Herawati menyimak dengan tekun proses persidangan yang berlangsung di Pengadilan Negeri Jakarta Barat, Kamis (27/8) lalu. Perempuan paruh baya ini berharap banyak pada proses yang tengah berlangsung. Beruntung, ia dibantu LBH Mawar Saron, lembaga nirlaba pimpinan advokat Hotma Sitompul.

 

Herawati tidak sedang duduk sebagai terdakwa. Ia hanya menyaksikan sidang perdana permohonan peninjauan kembali yang diajukan suaminya. Amir Machmud, sang suami, hingga kini masih mendekam di Lapas Kelas IIA Pemuda Tangerang. Amir berada di sana setelah diganjar vonis empat tahun. Pengadilan Negeri Jakarta Barat pula dulu yang mengantar Amir ke balik jeruji besi. Toh, Herawati tetap yakin suaminya tidak bersalah. Dia dipukuli dalam keadaan sakit. Waktu dibikin BAP, bapak sudah pasrah, ujarnya dengan suara tercekat.

 

Kegundahan Herawati sebenarnya bukan semata soal dugaan pemukulan oleh penyidik. Yang paling menganggu adalah seluruh rangkaian proses hukum hingga vonis jatuh.
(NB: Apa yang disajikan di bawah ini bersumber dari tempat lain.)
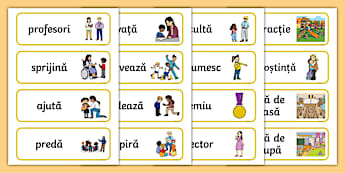 Profesorii – Cartonașe cu vocabular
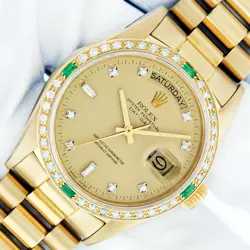 ROLEX DAY-DATE MENS PRESIDENT FACTORY DIAMOND DIAL, DIAMOND BEZEL,18K GOLD WATCH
Yang paling utama adalah proses peradilannya tidak beres. Criminal justice sistemnya di dalam kasus ini tidak ada yang beres, kata Hotma Sitompul, usai persidangan.

 

Amir didakwa melanggar Undang-Undang Psikotropika dengan ancaman maksimal 15 tahun. Dengan ancaman seperti itu, seharusnya penyidik, jaksa, dan hakim tahu bahwa Amir harus didampingi pengacara. Di setiap tingkat pemeriksaan, pemohon peninjauan kembali, wajib didampingi oleh penasihat hukum, tandas Friska JM Gultom, pengacara dari LBH Mawar Saron. Kalau sejak awal didampingi penasihat hukum, kasus ini mungkin tidak akan terjadi, sambung Hotma.

 

Itu baru satu kejanggalan dari banyak kejanggalan yang terungkap ke permukaan. Dugaan kejanggalan itu pula yang membuat petinggi Kejaksaan dan bagian pengawasan Mahkamah Agung sampai turun tangan memeriksa jaksa dan hakim yang menangani perkara Amir. Tim dari kedua lembaga turun karena persidangan seperti simsalabim. Tim Komisi Yudisial juga langsung menemui Amir di Lapas pada 25 Juni lalu. Ketua Komisi Yudisial Busyro Muqoddas mengatakan lembaganya melakukan investigasi atas kejanggalan kasus itu, khususnya terkait prilaku hakim yang menangani perkara – Agusdin, Yoseph S.E. Fina, dan Mutarto.